Grep a files list

Shell Programming and Scripting
1

Hi,

I want to grep a string from the list of files present in a text file.
I want the output to be printed only when the string is present in a file along with the file name..

I tried some thing like

cat files_list | grep "search_string" $_

I know $_ is wrong but i want something equivalent of this..

Regards,
nigas

2

Try:

cat files_list | xargs grep "search_string"
3

Hi yazu,

Sorry but it resulted in the following message

grep: can't open <file1>
grep: can't open <file2>
grep: can't open <file3>
.
.

Regards,
nigas

4

I believe you are in a directory where there are no files with paths from your files_list.

5

Is this what you want:

egrep 'sed' $(cat File_List_File)
6
  1. Just to be sure, i deleted all the files but for 3 in the files list
  2. opened the files list and "gf" ed it to open the individual files
  3. executed -> cat files_list | xargs grep "search_term"
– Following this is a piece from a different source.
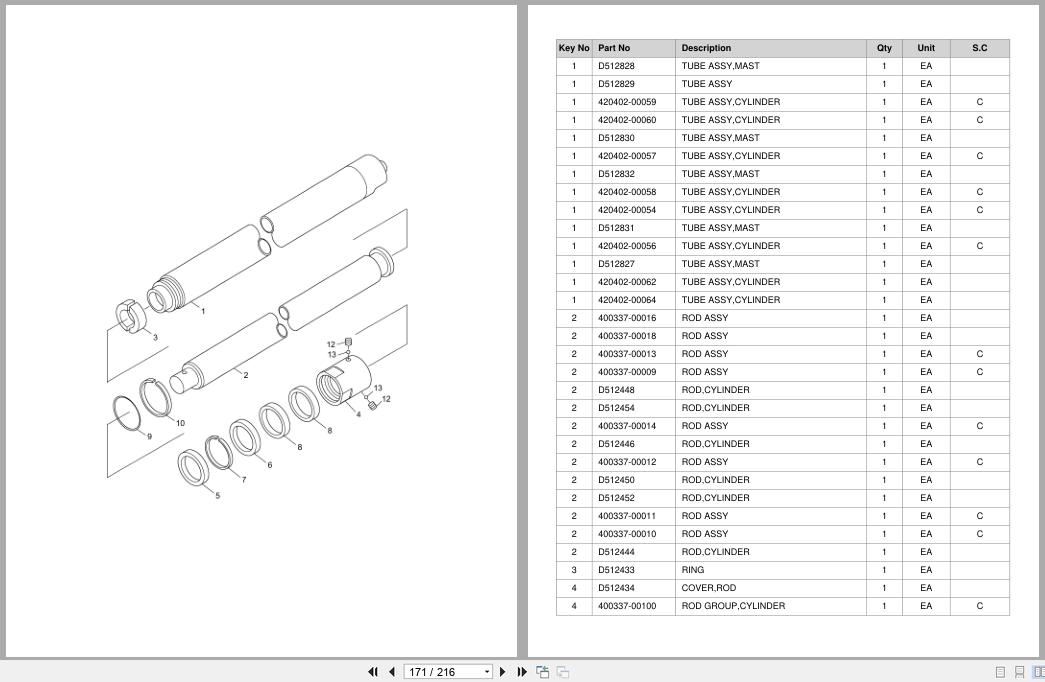 Doosan Forklift BR13S5 BR15S5 BR18S5 Parts Catalog SB1115 (2)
note: the path of the files contains env variables and i checked that the variables are set, hence that should not be an issue.

---------- Post updated at 10:49 PM ---------- Previous update was at 10:48 PM ----------

@Shell_life : i tried the syntax as you mentioned but it prints out that its a illegal variable name (which i guess is because of the usage of $)

7

Try this other option:

egrep 'sed' `cat File_List_File`
8

This is the issue. Try just "cat files_list" and see output. The variables wouldn't expand.